◆ RECORDS FOR THE TASK
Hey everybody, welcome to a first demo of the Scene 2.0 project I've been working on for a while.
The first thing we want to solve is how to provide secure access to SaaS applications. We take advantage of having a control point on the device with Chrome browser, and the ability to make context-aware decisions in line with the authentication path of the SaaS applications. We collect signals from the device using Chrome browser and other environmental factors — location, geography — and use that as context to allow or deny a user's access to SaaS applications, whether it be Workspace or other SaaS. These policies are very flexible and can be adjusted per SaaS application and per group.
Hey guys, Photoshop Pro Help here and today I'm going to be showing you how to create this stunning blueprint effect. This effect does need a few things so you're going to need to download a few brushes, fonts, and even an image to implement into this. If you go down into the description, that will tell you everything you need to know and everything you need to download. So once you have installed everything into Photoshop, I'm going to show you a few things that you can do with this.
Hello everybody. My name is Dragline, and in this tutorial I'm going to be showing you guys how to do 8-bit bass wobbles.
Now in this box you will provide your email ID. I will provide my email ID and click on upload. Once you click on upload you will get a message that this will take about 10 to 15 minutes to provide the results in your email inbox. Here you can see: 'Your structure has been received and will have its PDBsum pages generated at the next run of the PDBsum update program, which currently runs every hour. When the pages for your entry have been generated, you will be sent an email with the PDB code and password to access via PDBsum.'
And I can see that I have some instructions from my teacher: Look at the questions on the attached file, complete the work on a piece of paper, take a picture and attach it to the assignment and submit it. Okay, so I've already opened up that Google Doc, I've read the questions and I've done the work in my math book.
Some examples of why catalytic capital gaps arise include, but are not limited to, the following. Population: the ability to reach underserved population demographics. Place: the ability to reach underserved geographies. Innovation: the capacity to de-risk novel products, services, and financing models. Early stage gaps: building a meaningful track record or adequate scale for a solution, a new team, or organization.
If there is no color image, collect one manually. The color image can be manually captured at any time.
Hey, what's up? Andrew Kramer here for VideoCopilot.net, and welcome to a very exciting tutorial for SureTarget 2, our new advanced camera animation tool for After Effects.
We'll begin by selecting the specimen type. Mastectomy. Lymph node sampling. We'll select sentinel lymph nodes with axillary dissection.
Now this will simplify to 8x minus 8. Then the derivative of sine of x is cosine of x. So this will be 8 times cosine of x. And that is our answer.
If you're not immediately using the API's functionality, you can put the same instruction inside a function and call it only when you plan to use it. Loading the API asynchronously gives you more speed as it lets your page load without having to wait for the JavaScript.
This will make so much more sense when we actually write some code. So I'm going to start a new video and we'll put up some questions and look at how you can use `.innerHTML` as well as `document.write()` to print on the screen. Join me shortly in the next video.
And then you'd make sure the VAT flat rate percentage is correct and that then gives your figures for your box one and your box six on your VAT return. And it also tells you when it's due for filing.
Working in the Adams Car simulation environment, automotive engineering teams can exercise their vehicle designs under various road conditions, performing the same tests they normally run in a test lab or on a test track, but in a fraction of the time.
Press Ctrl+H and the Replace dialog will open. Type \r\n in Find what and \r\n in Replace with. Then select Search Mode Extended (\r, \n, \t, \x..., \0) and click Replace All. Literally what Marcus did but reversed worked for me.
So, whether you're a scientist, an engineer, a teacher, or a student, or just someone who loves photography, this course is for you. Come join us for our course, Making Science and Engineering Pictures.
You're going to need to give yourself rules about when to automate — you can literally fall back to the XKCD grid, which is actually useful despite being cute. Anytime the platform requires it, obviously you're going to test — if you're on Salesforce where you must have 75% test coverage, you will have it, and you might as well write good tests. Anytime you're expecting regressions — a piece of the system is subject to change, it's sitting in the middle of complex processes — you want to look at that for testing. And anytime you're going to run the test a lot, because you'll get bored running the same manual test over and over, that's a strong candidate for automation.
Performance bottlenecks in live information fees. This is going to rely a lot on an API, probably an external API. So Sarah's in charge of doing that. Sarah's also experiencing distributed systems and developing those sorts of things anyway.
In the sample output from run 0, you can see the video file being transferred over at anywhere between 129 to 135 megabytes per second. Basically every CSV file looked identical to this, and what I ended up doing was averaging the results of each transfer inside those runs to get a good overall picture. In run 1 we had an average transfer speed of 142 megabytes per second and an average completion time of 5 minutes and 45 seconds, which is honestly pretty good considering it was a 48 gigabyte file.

◆ ASSIGNED TASK
For every line of the material above that contains the word "file", show the line.

◆ WRITTEN REPLY
And I can see that I have some instructions from my teacher: Look at the questions on the attached file, complete the work on a piece of paper, take a picture and attach it to the assignment and submit it. Okay, so I've already opened up that Google Doc, I've read the questions and I've done the work in my math book.
In the sample output from run 0, you can see the video file being transferred over at anywhere between 129 to 135 megabytes per second. Basically every CSV file looked identical to this, and what I ended up doing was averaging the results of each transfer inside those runs to get a good overall picture. In run 1 we had an average transfer speed of 142 megabytes per second and an average completion time of 5 minutes and 45 seconds, which is honestly pretty good considering it was a 48 gigabyte file.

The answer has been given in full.